All genealogy research contain errors, so let me know if your research contradicts mine. My research of Indiana and Ohio families comes from conversations with relatives, copied scrapbooks, library research, online records, courthouse visits, and multiple visits to final resting places on family farms and cemeteries. Families in other states rely mostly on the research of others. If you have additional information on any families, corrections, photos, or anything to add to the history of our families, please leave a Comment in my Guest book, join my Follis Families on Facebook page, or send an Email. Read Dick Eastman's discussion of Unverified Data.

Always interested in plants and wildlife I have some 2006 photographs of wildflowers in the FALLIS Pioneer Cemetery. The Boy Scouts mow the cemetery around the 4th of July so the wildflowers are not as vigorous as the glowing yellow masses of Ragworts in the Concord Cemetery in Whitley County, Indiana.

Spring beauty wildflowers and dandelions by Isaac's tombstone  Ragwort wildflowers by Isaac's tombstone

On the left April 18, 2006 I saw large numbers of Spring Beauty which looks like snowflakes in large masses. The often pink veined white flowers are smaller than dimes. This link to a photo on Illinois wildflowers was taken at a cemetery. The yellow flowers on left are Dandelions. On the right in Alan Price's photo are more Ragworts in bloom.
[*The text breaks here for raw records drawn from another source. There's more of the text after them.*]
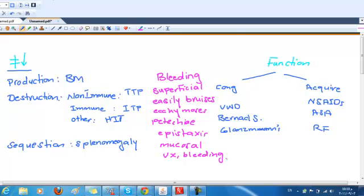So now if I'm asking you, can you tell me anything about von Willebrand disease? You can say von Willebrand disease is a problem with the function of a platelet. The number of platelets is the same and it's superficial bleeding, easily bruising, ecchymosis. Can you tell me more about ITP? It is destruction, immune kind of destruction, decreased number of platelets, and bleeding is superficial.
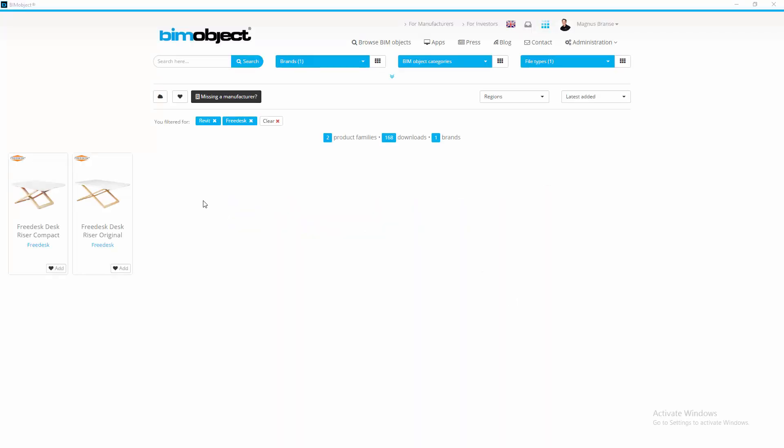Hi, my name is Magnus from BIM object. In this video we're going to look at the Frisk desk. You can see here I am on the portal. I have done a brand search for Frisk desk and here we have two different objects.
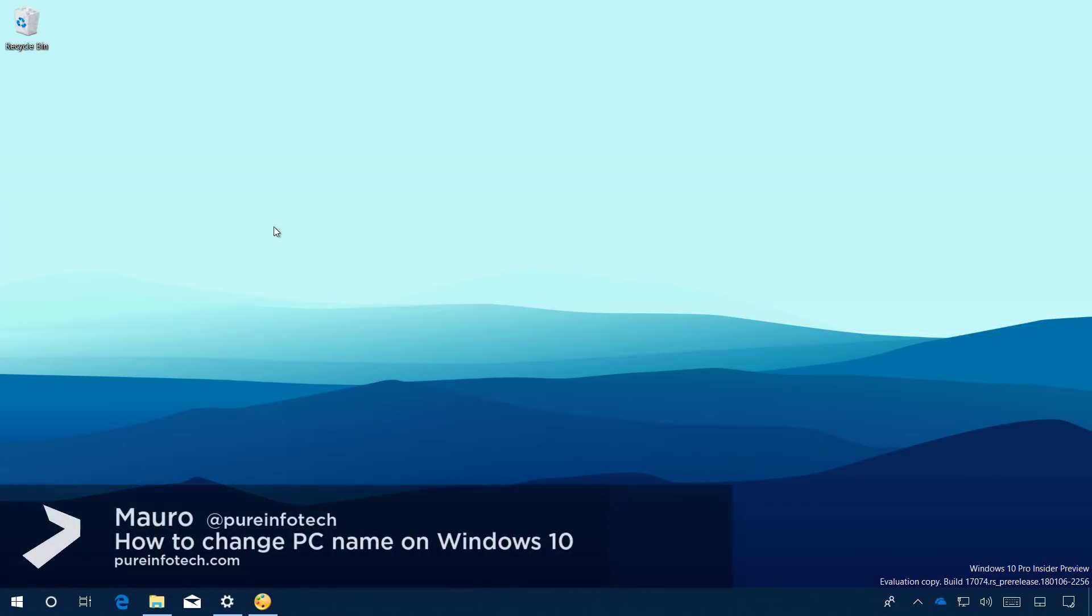Hello guys, this is Mario from PureInfotech.com, and on this video we'll look at the steps to change your PC name on Windows 10.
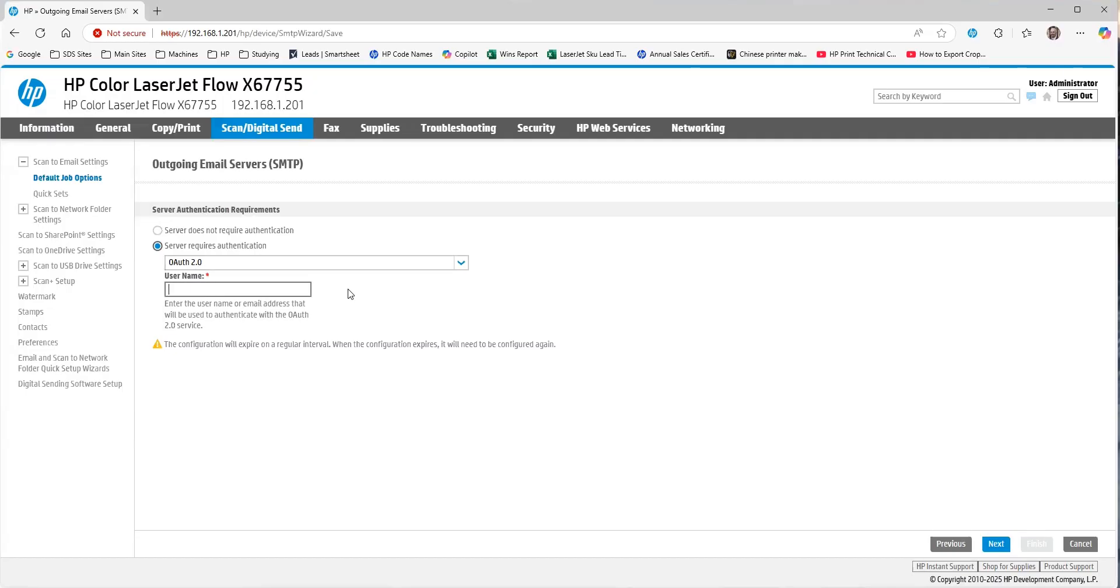Now, for the username, you need to make sure this username that is going to be registered for scan to email has the ability to actually register an app inside of Office 365. So, it needs to be an administrator account to some degree.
Ragwort and spring beauty wildflowers by Fence  Ragwort wildflowers by Flags

The Ragworts were not very tall when I visited in April 18 or when Alan Price volunteered to take photos April 30, 2006. The area on the left is the closest to what I saw in the Whitley County, Indiana cemetery. Because the cemetery is on a hill it always appears dry when I visit compared to wetter woodland areas which this time of year are muddy with pools of standing water. I cleaned the FALLIS tombstones in 2005 and took some of the Ragworts that I removed from the tombstones. They were twice as tall and thick in my city garden as they are in FALLIS Cemetery. Vigorous reseeders, they turned out to be a weedy mistake that I mostly removed. This Connecticut Wildflower link has useful information and close up photos. This Purdue University link indicates Ragwort is poisonous to livestock which could have been a serious problem in the pioneer days.

Pussytoe Flowers along fence  Six-spotted Beetles on Mercy's tombstone

On the left along the fence were blooming Pussy-toes. A confusing group of possibly 32 species this pussy-toe is probably Woman's Tobacco or Antennaria plantaginifolia on the USDA site. On the right these metallic green beetles found on the Mercy VAUGHAN FALLIS' tombstone are Six-Spotted Tiger Beetle, Cicindela sexguttata as seen close up on this web page. If I got too close they would fly away.

There were small groups of Toothworts by a bench in the back and scattered around the entire cemetery seen on this Illinois wildflower link.